Antony Adshead

National Grid, Nebius and Emerald hail datacentre power throttling

In a UK-first trial, Emerald AI acts as intelligence in datacentre energy management to throttle demand at peak loads, including being able to respond rapidly to energy system stress

National Grid has carried out the first trial of flexible electricity usage by a UK datacentre, in conjunction with operator Nebius. The trial used artificial intelligence (AI)-powered datacentre management software from Emerald AI’s software on a bank of 96 Nvidia Blackwell Ultra high-performance graphics processing units (GPUs) at a Nebius datacentre near London.

Over five days in December 2025, more than 200 real-time simulated “grid events” were sent to the site to test the Emerald software’s ability to dynamically adjust the datacentre’s power consumption.

Emerald AI’s platform was able to adjust power use to the requested level and cut demand by up to 40% while critical workloads ran as normal.

Key results included successfully reacting to spikes in demand during half time at football matches, followed by load-reduction requests for up to 10 hours that demonstrated an ability to help the grid navigate periods of low wind or extreme heat, and simulated a system stress event that saw it shed 30% of load in 30 seconds to help maintain grid resilience.

According to the partners involved in the trial, such capabilities could enable AI datacentres to add more than 2GW of capacity back to the grid when needed.

The aim is that AI datacentres can avoid being simply a source of electricity constraint to being more controllable in relation to the electricity grid, by managing peaks, making better use of existing infrastructure, and supporting the connection of different sources of energy to the grid.

“Most electric networks, most electric power systems, operate with probably 30% of capacity in place a year; there’s lots of capacity in the system, it’s a small number of hours a year when we’re at peak,” said Steve Smith, president of National Grid Partners, speaking at the Economist Impact Sustainability Week event in London.

“So, the trick is how you do it,” said Smith. “Because if you can throw more electrons at a fixed-cost system, you don’t need to put more infrastructure in, and the rates come down for everyone else.

“If you’re doing a small number of hours and you’re stretched, if we say, can you actually moderate your load when we need you to, then we don’t need to build lots more capacity.”

Also speaking at the Sustainability Week event, Varun Sivaram, chief executive of Emerald AI, said the trial showed that AI hardware at the Nebius datacentre could consume energy flexibly at a moment’s notice.

“When we got the signal in the middle of the night, we were able to reduce power within 30 seconds by over a third,” said Sivaram. “That’s also going to be the case with renewable energy, when there’s low wind, for eight hours, and the AI factory can reduce its consumption in such a way that we protect the critical workloads that run at 100% throughput.”

Sivaram explained that there are three ways to achieve flexibility of power consumption for AI workloads. The first is to slow some down or pause them. “Maybe a fine-tuning model run that doesn’t need to finish right this second, but it can be delayed by an hour,” he suggested.

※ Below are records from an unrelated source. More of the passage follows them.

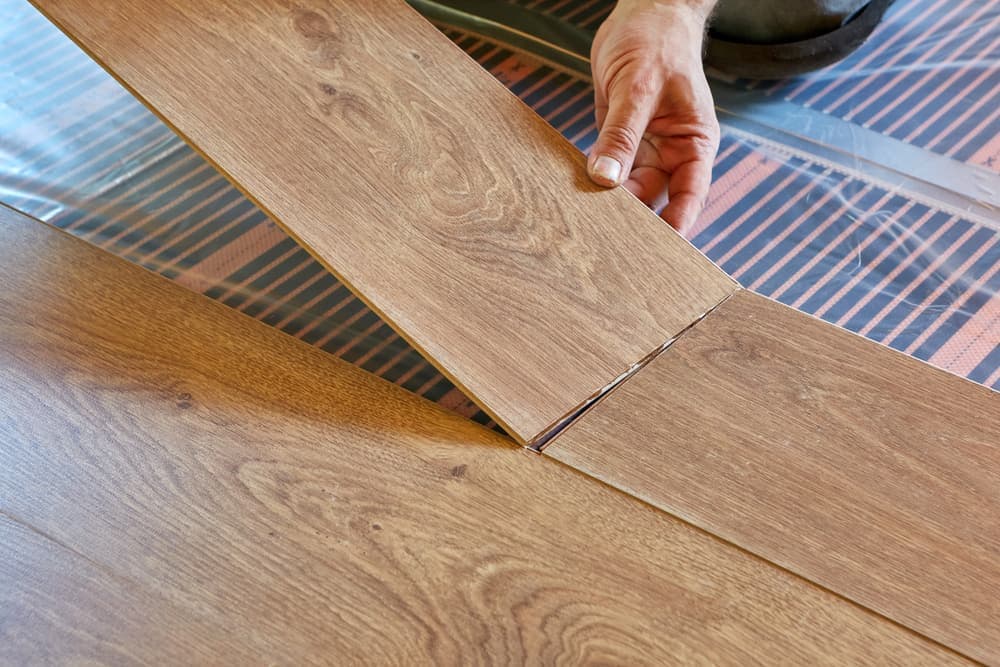 Laminate & Veneer Re‑laying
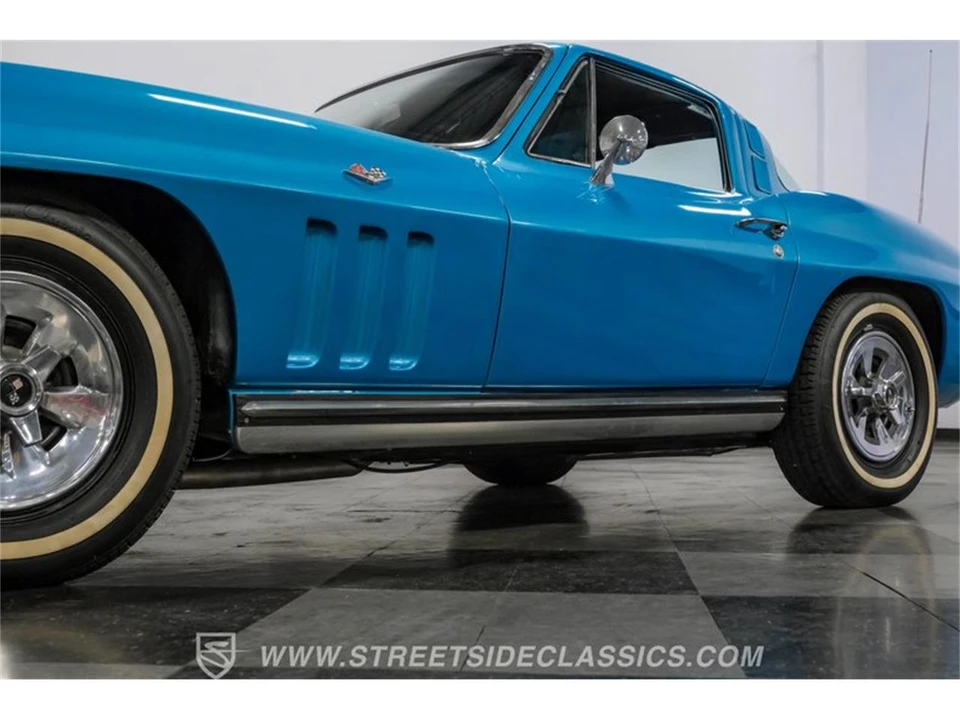 1965 Chevrolet Corvette C2 - Image 20 of 31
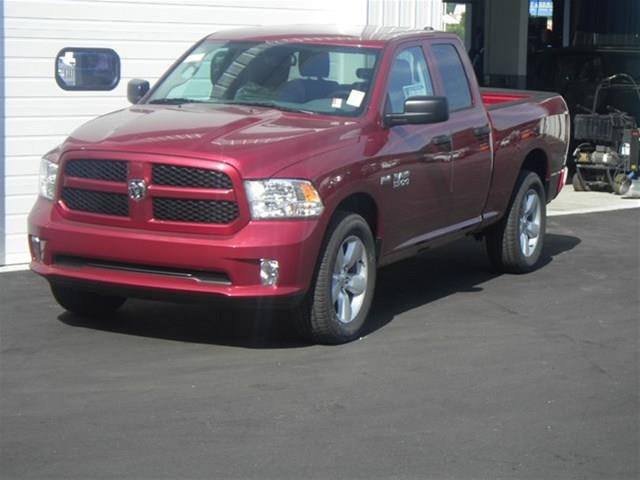 2013 RAM Ram Pickup 2dr 102 WB 4WD Value Manual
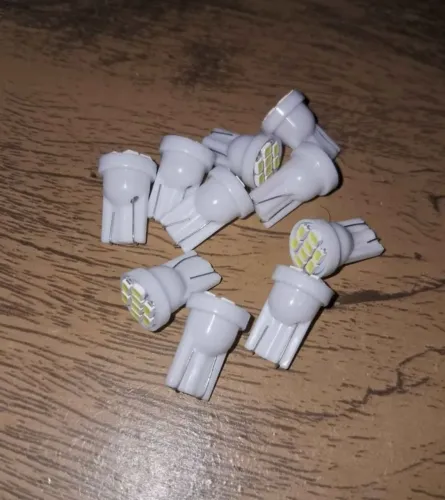 Lâmpada led t10 esmagadinha 8 leds para meia luz farol, placa, teto, ré...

The second way, he said, is by moving AI workloads. “You expect your answer from AI pretty soon, but we may be able to move it, as we did with a move between two different Oracle datacentres at the rate of 10 milliseconds of latency. There is a little bit of a latency penalty, but not relevant for that workload,” said Sivaram.

The third way, he said, is to monitor the datacentre to achieve flexibility. Here, Emerald operates as software intelligence to operate AI workloads – that can include by tagging them as different priorities – in an optimal way to give the grid what it needs while protecting the integrity of the workloads for the user.